*Task brief*.
Exactly the lines below from the one with "Sexy, muscular handsome" up to and including the one with "Puede incluir: Un" make up the answer, with nothing else added.

*Data to examine*.
━━━━━━━━━━

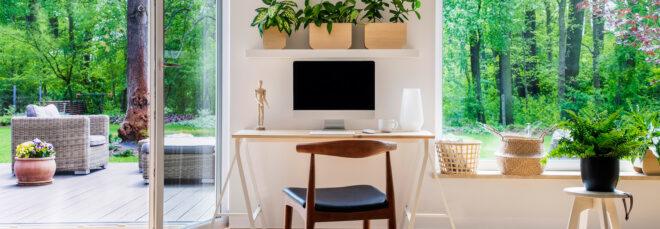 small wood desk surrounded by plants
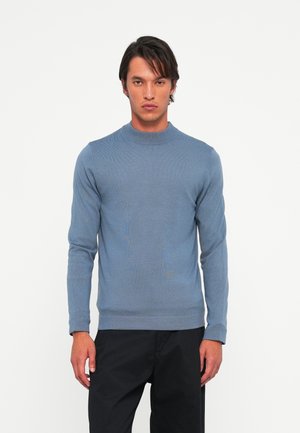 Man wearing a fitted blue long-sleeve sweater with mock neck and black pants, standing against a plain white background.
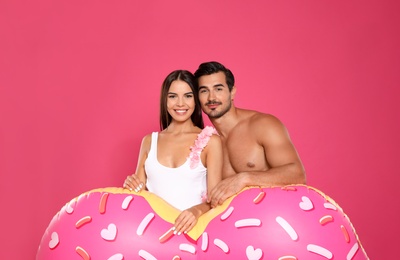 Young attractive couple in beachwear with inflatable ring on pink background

━━━━━━━━━━

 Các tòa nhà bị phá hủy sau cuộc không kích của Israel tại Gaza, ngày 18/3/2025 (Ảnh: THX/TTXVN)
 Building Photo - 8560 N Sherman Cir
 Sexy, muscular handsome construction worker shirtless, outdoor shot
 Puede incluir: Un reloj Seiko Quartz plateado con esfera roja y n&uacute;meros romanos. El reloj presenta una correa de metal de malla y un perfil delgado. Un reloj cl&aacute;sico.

━━━━━━━━━━

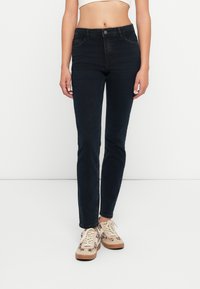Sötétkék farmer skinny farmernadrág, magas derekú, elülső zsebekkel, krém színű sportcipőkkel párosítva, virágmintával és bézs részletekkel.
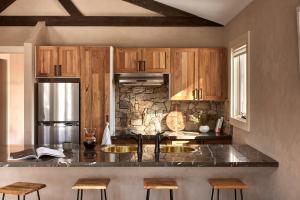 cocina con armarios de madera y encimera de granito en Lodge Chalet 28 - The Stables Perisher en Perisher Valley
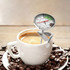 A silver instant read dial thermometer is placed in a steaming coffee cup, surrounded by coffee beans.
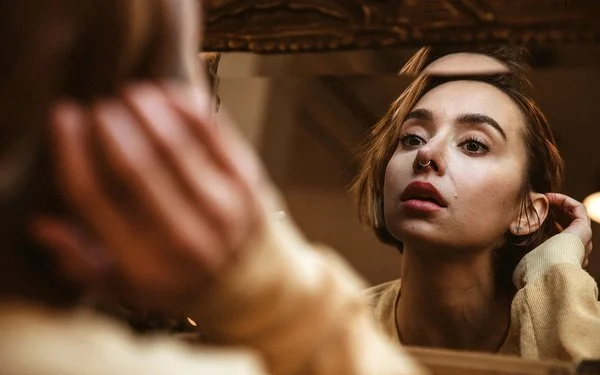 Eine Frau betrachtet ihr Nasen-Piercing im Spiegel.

━━━━━━━━━━

*Task answer*.
 Sexy, muscular handsome construction worker shirtless, outdoor shot
 Puede incluir: Un reloj Seiko Quartz plateado con esfera roja y n&uacute;meros romanos. El reloj presenta una correa de metal de malla y un perfil delgado. Un reloj cl&aacute;sico.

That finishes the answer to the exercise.